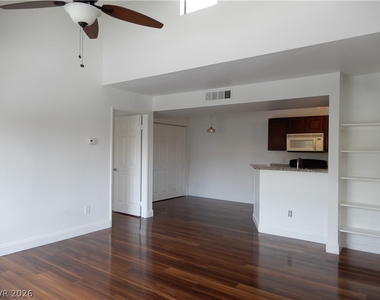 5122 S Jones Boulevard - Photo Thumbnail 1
________________________________________
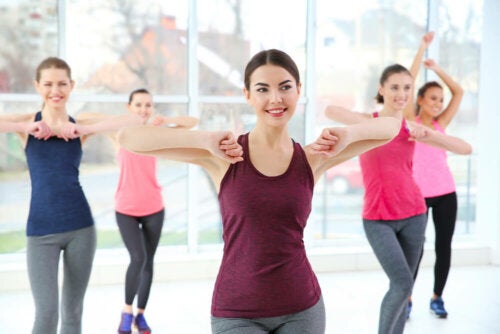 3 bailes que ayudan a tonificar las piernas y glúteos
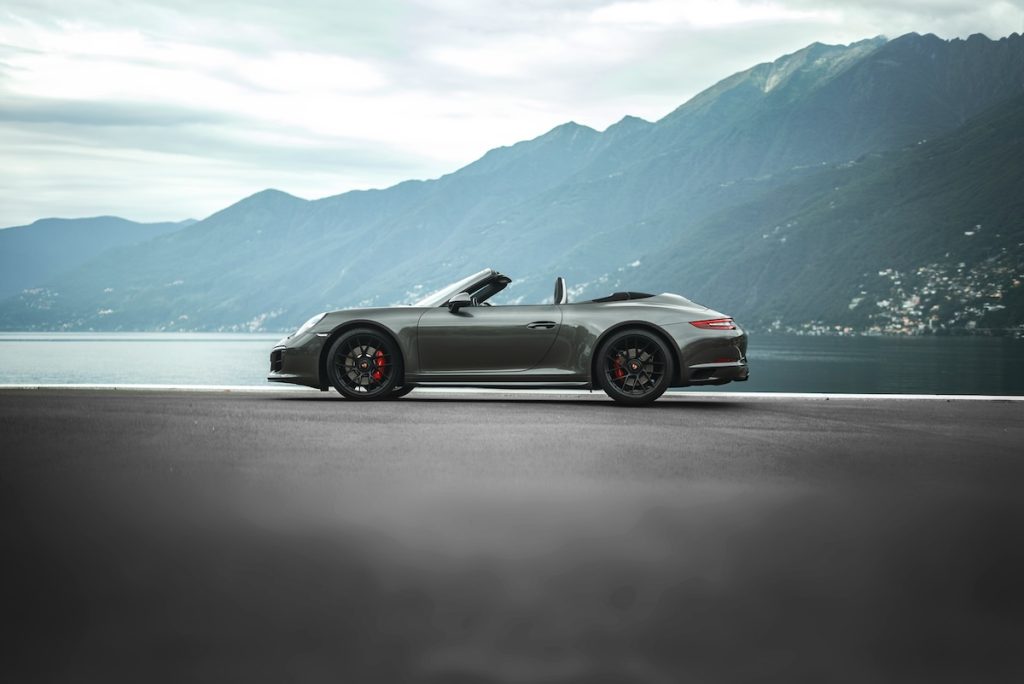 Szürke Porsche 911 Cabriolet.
________________________________________
▶ **Your assignment**
From the material above, give again exactly the lines from the one that contains "3 bailes que" through the one that contains "Szürke Porsche 911 Cabriolet.", and leave out the pictures.

▶ **Response to the exercise**
 3 bailes que ayudan a tonificar las piernas y glúteos
 Szürke Porsche 911 Cabriolet.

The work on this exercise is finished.